TASK INSTRUCTIONS: Where in the entries below does "Black" appear? Copy every line that has it.

[Data entries]
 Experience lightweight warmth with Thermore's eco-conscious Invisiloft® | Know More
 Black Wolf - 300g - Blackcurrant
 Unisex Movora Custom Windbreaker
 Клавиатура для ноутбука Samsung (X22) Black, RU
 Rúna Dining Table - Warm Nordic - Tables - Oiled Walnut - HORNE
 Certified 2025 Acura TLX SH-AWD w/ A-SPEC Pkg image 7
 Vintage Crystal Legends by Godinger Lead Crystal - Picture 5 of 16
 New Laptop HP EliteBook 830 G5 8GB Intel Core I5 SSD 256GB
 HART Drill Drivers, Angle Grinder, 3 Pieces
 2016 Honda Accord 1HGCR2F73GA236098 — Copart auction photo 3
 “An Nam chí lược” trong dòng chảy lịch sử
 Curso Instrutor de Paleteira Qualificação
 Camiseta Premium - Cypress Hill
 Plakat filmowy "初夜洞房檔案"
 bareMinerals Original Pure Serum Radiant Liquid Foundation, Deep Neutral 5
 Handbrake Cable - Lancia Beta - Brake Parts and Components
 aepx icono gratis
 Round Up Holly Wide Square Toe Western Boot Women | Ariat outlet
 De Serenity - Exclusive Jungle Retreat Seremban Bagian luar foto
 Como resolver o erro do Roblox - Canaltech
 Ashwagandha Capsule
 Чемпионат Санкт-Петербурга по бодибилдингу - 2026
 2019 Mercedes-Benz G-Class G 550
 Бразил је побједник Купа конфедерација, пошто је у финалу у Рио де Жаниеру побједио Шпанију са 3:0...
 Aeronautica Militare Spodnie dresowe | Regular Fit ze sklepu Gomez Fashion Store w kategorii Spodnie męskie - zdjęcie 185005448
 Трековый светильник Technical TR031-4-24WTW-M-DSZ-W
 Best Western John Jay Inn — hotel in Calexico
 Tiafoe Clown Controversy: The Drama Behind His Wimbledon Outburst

THE COMPLETED TASK:
 Black Wolf - 300g - Blackcurrant
 Клавиатура для ноутбука Samsung (X22) Black, RU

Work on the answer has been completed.